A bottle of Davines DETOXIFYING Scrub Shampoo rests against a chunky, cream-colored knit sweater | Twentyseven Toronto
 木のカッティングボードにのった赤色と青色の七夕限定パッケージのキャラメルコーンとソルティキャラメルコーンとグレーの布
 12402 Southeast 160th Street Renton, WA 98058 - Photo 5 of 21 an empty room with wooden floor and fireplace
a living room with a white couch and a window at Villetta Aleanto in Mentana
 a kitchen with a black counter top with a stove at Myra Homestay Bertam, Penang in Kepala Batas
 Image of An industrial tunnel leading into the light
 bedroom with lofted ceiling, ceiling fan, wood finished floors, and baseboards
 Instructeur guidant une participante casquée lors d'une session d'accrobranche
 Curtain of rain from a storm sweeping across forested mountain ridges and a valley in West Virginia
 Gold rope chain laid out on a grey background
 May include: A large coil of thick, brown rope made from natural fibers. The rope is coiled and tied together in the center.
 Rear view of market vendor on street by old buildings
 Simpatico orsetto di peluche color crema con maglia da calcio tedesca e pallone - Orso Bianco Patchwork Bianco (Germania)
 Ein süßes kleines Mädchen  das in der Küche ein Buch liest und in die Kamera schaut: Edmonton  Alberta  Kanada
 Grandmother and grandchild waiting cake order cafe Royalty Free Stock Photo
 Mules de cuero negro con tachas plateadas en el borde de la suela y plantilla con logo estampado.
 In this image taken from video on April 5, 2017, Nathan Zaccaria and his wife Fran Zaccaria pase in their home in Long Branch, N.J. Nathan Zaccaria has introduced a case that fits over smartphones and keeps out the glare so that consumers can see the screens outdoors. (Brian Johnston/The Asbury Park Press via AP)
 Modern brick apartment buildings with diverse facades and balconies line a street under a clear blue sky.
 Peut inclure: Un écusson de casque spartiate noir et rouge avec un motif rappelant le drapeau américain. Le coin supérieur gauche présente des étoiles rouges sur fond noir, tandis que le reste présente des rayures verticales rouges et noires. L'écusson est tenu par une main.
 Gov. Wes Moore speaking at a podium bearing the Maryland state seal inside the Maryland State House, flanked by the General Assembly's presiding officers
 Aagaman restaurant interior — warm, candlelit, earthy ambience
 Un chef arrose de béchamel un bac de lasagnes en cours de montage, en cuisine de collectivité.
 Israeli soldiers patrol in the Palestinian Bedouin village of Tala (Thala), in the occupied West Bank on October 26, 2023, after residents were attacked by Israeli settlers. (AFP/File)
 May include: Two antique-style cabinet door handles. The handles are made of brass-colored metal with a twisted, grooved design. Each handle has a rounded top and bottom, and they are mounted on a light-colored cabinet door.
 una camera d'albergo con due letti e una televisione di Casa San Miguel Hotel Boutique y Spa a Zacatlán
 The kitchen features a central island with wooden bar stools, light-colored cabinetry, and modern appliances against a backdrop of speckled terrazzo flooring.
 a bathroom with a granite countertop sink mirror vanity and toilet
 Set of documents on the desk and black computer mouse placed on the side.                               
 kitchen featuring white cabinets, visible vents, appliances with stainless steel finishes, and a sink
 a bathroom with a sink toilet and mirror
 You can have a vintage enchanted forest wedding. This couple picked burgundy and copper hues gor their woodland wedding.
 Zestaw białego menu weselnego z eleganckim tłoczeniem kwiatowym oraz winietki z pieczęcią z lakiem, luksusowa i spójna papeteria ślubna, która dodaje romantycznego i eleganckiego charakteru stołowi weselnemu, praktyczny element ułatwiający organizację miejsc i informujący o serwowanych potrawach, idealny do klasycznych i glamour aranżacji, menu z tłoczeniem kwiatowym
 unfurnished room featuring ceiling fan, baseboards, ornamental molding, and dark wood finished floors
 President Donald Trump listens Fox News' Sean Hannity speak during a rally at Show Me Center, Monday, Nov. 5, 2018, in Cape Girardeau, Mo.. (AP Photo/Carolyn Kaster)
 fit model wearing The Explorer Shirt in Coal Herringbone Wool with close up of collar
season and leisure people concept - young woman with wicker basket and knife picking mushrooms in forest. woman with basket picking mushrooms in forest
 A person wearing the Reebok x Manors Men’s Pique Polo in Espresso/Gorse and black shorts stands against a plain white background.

++++++++++

- **THE TASK**
Your answer must consist solely of the lines from the one containing "The kitchen features" through the last line of the entries, reproduced exactly.

- **RESPONSE AREA**
 The kitchen features a central island with wooden bar stools, light-colored cabinetry, and modern appliances against a backdrop of speckled terrazzo flooring.
 a bathroom with a granite countertop sink mirror vanity and toilet
 Set of documents on the desk and black computer mouse placed on the side.                               
 kitchen featuring white cabinets, visible vents, appliances with stainless steel finishes, and a sink
 a bathroom with a sink toilet and mirror
 You can have a vintage enchanted forest wedding. This couple picked burgundy and copper hues gor their woodland wedding.
 Zestaw białego menu weselnego z eleganckim tłoczeniem kwiatowym oraz winietki z pieczęcią z lakiem, luksusowa i spójna papeteria ślubna, która dodaje romantycznego i eleganckiego charakteru stołowi weselnemu, praktyczny element ułatwiający organizację miejsc i informujący o serwowanych potrawach, idealny do klasycznych i glamour aranżacji, menu z tłoczeniem kwiatowym
 unfurnished room featuring ceiling fan, baseboards, ornamental molding, and dark wood finished floors
 President Donald Trump listens Fox News' Sean Hannity speak during a rally at Show Me Center, Monday, Nov. 5, 2018, in Cape Girardeau, Mo.. (AP Photo/Carolyn Kaster)
 fit model wearing The Explorer Shirt in Coal Herringbone Wool with close up of collar
season and leisure people concept - young woman with wicker basket and knife picking mushrooms in forest. woman with basket picking mushrooms in forest
 A person wearing the Reebok x Manors Men’s Pique Polo in Espresso/Gorse and black shorts stands against a plain white background.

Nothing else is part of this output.